**Problem to solve:** Print, in exact form, the lines below from the one containing "Chalk is one of Lina 님이 좋아한 장소." through the one containing "Photo - 2465-2479 Medary Ave", and omit all others.

[Opening Given data section]

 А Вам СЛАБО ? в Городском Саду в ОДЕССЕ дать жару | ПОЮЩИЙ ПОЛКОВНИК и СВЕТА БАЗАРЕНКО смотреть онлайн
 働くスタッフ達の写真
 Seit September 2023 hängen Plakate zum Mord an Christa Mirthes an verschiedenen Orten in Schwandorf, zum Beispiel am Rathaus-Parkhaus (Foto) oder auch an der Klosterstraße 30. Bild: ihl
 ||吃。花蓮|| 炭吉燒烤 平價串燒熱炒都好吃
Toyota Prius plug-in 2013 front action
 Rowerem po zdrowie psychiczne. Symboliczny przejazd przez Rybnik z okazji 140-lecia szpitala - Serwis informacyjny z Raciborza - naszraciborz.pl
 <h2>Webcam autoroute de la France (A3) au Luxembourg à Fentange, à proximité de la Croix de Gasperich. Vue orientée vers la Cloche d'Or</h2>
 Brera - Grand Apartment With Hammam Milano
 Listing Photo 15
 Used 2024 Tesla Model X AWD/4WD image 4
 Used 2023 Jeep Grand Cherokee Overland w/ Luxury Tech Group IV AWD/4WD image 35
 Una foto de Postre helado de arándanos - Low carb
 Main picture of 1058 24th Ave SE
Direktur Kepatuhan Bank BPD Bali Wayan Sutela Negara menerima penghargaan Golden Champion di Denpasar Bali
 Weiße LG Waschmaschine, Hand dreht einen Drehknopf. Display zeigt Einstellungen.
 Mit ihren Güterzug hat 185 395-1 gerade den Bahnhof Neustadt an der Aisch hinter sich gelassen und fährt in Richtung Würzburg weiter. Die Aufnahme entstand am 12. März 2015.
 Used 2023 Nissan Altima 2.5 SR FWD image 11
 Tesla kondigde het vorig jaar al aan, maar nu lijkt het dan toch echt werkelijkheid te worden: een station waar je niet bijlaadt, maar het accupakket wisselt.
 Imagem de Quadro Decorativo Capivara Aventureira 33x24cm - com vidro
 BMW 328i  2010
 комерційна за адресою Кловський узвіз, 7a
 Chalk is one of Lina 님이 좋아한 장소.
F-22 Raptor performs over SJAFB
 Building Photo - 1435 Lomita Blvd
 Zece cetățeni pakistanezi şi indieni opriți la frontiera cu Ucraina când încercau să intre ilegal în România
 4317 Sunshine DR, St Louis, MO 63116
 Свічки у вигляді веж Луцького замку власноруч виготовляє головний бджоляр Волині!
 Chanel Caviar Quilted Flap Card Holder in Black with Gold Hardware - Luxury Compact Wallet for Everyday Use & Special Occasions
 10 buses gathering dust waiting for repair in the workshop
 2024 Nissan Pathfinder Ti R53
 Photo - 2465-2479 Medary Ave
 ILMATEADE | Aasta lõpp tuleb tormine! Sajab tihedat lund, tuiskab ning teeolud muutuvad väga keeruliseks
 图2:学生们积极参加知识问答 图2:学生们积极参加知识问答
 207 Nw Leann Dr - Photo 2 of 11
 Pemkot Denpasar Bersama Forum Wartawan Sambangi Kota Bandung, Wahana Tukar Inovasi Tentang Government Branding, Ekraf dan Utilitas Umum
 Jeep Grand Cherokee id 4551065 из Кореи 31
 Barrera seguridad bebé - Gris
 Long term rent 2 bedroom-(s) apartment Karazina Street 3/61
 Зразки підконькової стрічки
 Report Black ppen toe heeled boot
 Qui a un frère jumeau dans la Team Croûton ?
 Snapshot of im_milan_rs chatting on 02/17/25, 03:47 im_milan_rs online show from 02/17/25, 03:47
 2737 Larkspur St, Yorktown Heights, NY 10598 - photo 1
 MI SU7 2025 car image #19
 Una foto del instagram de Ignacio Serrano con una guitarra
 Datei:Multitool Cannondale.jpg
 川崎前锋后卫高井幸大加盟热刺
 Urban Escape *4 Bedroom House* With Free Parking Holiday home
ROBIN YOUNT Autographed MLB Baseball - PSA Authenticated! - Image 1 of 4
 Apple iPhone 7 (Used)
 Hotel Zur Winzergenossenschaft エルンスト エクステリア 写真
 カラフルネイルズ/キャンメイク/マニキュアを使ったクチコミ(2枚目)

[Closing Given data section]

**Worked solution:**
 Chalk is one of Lina 님이 좋아한 장소.
F-22 Raptor performs over SJAFB
 Building Photo - 1435 Lomita Blvd
 Zece cetățeni pakistanezi şi indieni opriți la frontiera cu Ucraina când încercau să intre ilegal în România
 4317 Sunshine DR, St Louis, MO 63116
 Свічки у вигляді веж Луцького замку власноруч виготовляє головний бджоляр Волині!
 Chanel Caviar Quilted Flap Card Holder in Black with Gold Hardware - Luxury Compact Wallet for Everyday Use & Special Occasions
 10 buses gathering dust waiting for repair in the workshop
 2024 Nissan Pathfinder Ti R53
 Photo - 2465-2479 Medary Ave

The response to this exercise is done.